Last season, the Indianapolis Colts found themselves at their own 20-yard line in a tie game with just two timeouts remaining and 31 seconds left in the game.

Tuesday, the Cardinals found themselves in the exact same situation.

It was all part of the daily emphasis coach Bruce Arians puts on the moments he believes determine football games. From the day he was hired, Arians pronounced the need to excel on third downs, in the red zone, and in the two-minute drill. All three can be viewed through a larger prism – the results on third downs, Arians notes, is about time of possession – or in smaller instances.

That's why every organized team activity has a sequence where Arians is trying to teach about a moment. The moment may only come up once all season, but it's tied to Arians' key situations, and he wants his team prepared.

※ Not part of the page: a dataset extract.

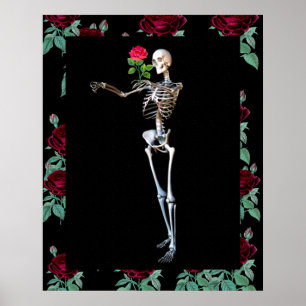 Póster Esqueleto de Halloween con Rosa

"Everybody can play between the 20s," Arians said. "Can you win situational football? If you can win situational football, you can be a really

good team."

Last season, the Cardinals, with their offensive struggles, finished last in the NFL in third-down conversions and next-to-last in red-zone efficiency. It is difficult to produce in two-minute situations without a solid passing attack as well.

But Arians is thinking less about what the Cards did last season and more about his philosophy. He walked in the door telling his players that situational football would be important and he and his staff preach it every time they talk to their team.

"There are times in a game where you want to understand the situation and be a smart football player," center Lyle Sendlein said. "A lot of situations are rules, or dealing with time, field position, time outs you have. There are a lot of factors that go into what we practice and why we practice it. It's not just about the playbook. It's being a smart football player."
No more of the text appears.